THIRUVANANTHAPURAM: Go trained, go skilled, go with confidence and be safe; that’s the advice Minister of State For External Affairs V K Singh gave prospective expatriates at the state outreach conference.
With Kerala having the highest number of emigrants in the country, there needs to be greater coordination between the Centre and the state to ensure their welfare, said Singh. The Union Minister also welcomed the Chief Minister’s suggestion that a minimum number of officers in Indian embassies in Gulf countries should be conversant in Malayalam. “Health workers constitute the largest chunk of expatriates from Kerala. When it comes to blue collar jobs, states such as Uttar Pradesh and Bihar have overtaken Kerala in recent years,” he noted.

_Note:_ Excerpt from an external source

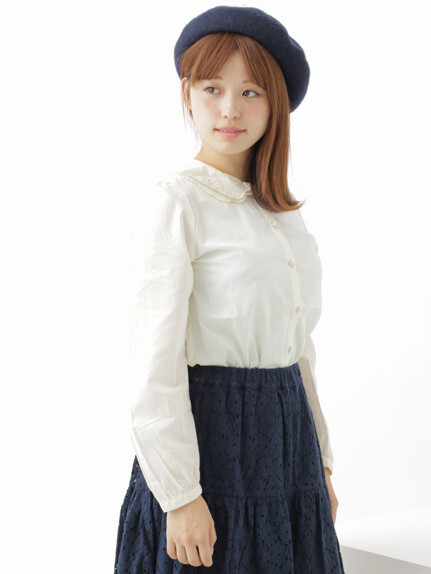 earth music&ecology Double Sleeve Embroidered Blouse: earth earth music&ecology Double Sleeve Embroidered Blouse: earth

The Minister said administrative delays and indifferent attitude of embassy staff were things of the past. “In many instances, even before I respond to tweets of expatriates in distress, I come to know their problems have been solved by the embassy concerned,.
“Over the past three years, over 85,000 expatriate Indians have been successfully evacuated from war zones or from troubled areas. All embassies and consulates have been instructed to ensure the safety of citizens, though there may be delays if legal issues are involved. In such cases, we need to work in close coordination with the state governments.”
Earlier, addressing the gathering, D M Mulay, Secretary (Consular, Passport, Visa and Overseas Indian Affairs) in the MEA stressed the importance of compulsory orientation before going to a foreign country.
“The MEA has gone for an overhaul of our response machinery. We can ensure no Indian overseas will be stranded for any reason without help,” he said. The sessions, organised in association with Norka Roots, included a talk on safe and legal migration issues, the Centre’s schemes for engaging the Indian diaspora, and protection of emigrants.